Given data

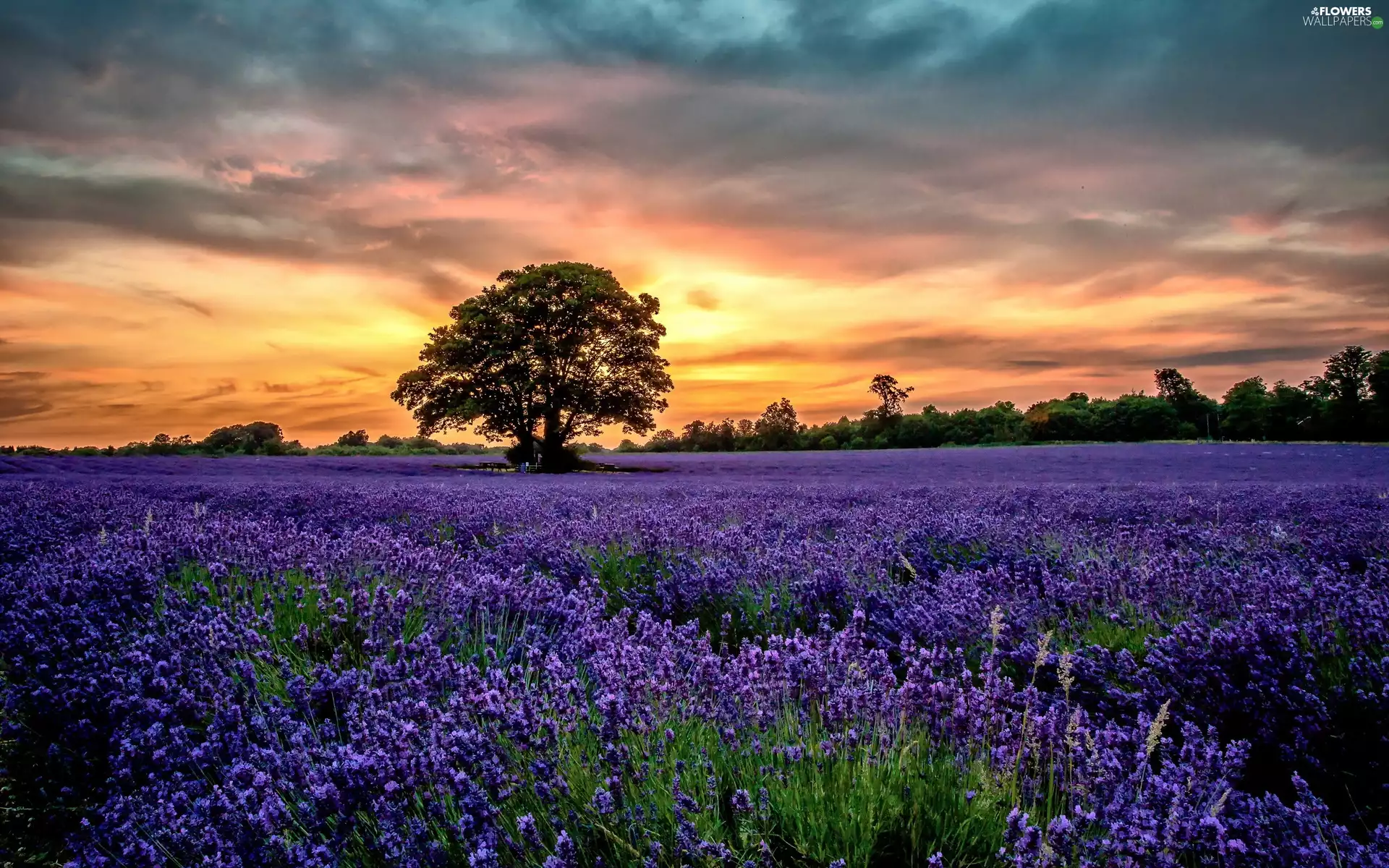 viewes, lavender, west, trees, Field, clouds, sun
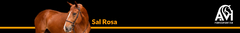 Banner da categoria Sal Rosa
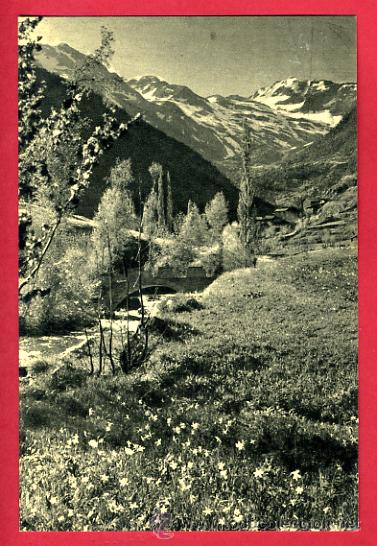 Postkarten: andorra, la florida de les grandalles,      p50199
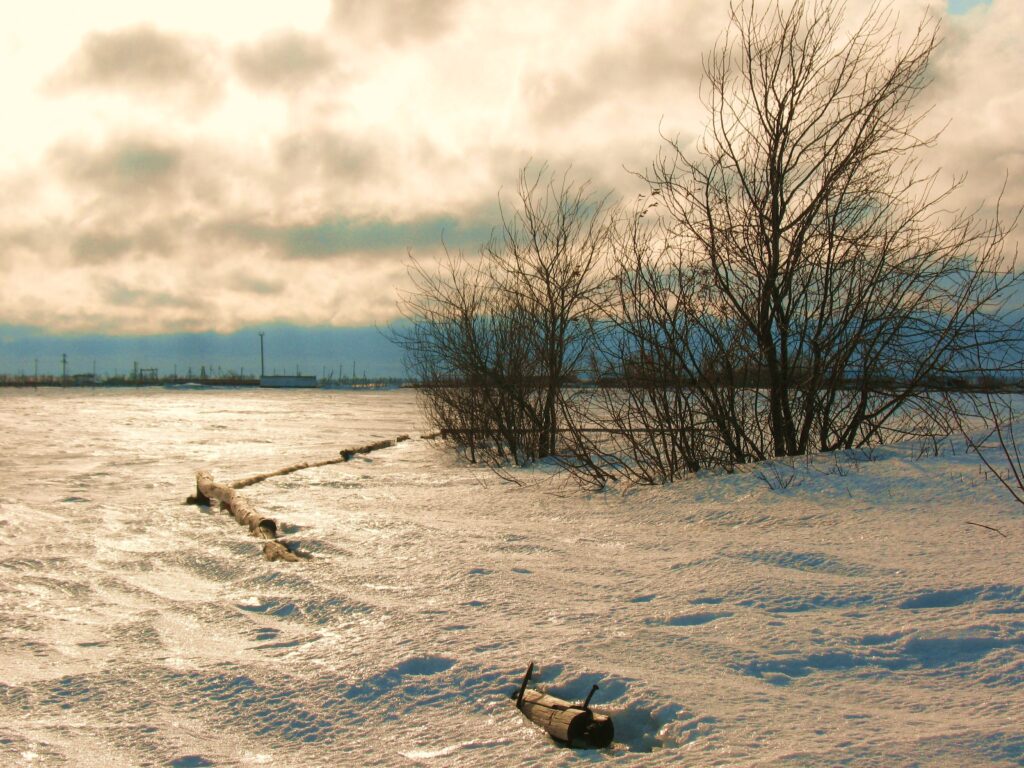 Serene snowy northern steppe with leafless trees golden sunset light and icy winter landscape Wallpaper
==
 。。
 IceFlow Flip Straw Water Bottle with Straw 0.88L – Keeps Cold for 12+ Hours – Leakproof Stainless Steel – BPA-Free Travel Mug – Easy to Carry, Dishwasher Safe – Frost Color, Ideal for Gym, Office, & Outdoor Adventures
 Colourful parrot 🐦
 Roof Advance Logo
==
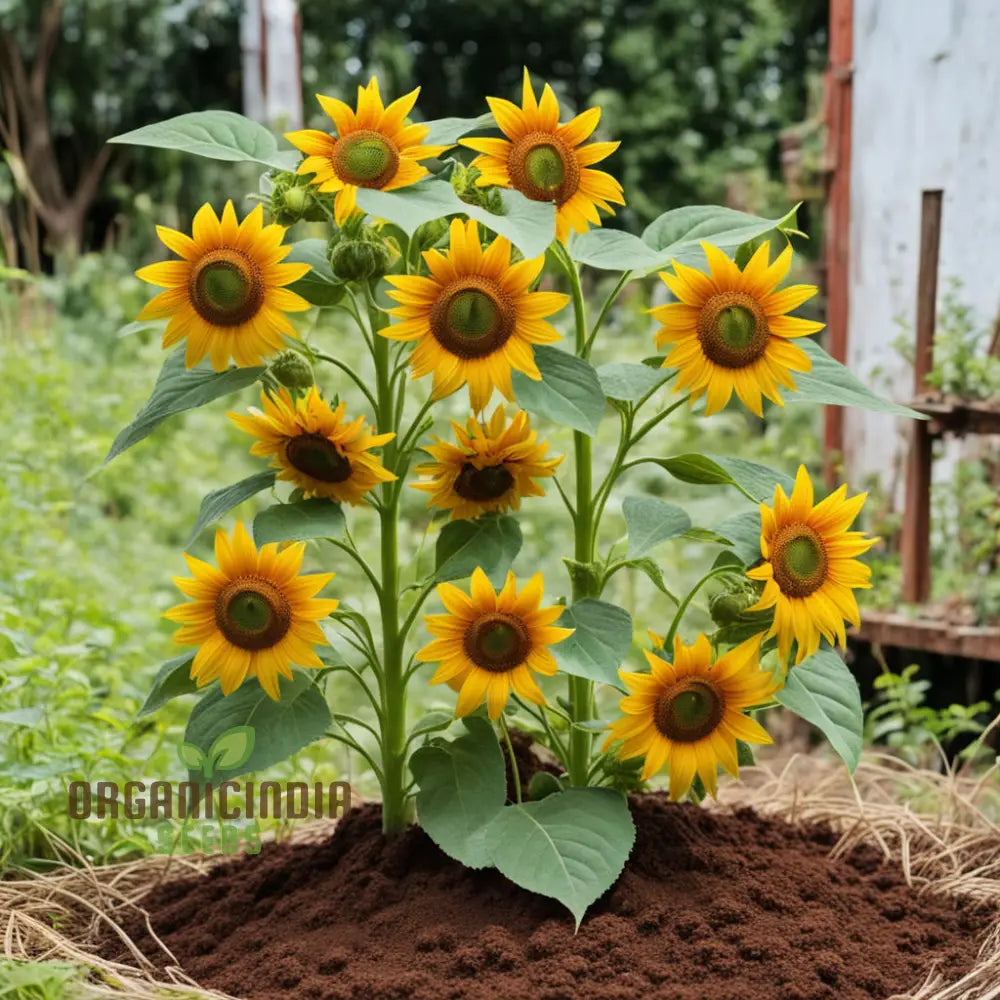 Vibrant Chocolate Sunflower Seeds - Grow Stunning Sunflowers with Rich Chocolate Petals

Exercise objective
Copy out the lines above from the line containing "viewes, lavender, west, trees, Field, clouds, sun" through the line containing "Serene snowy northern", exactly, and keep the pictures out.

Exercise solution
 viewes, lavender, west, trees, Field, clouds, sun
 Banner da categoria Sal Rosa
 Postkarten: andorra, la florida de les grandalles,      p50199
 Serene snowy northern steppe with leafless trees golden sunset light and icy winter landscape Wallpaper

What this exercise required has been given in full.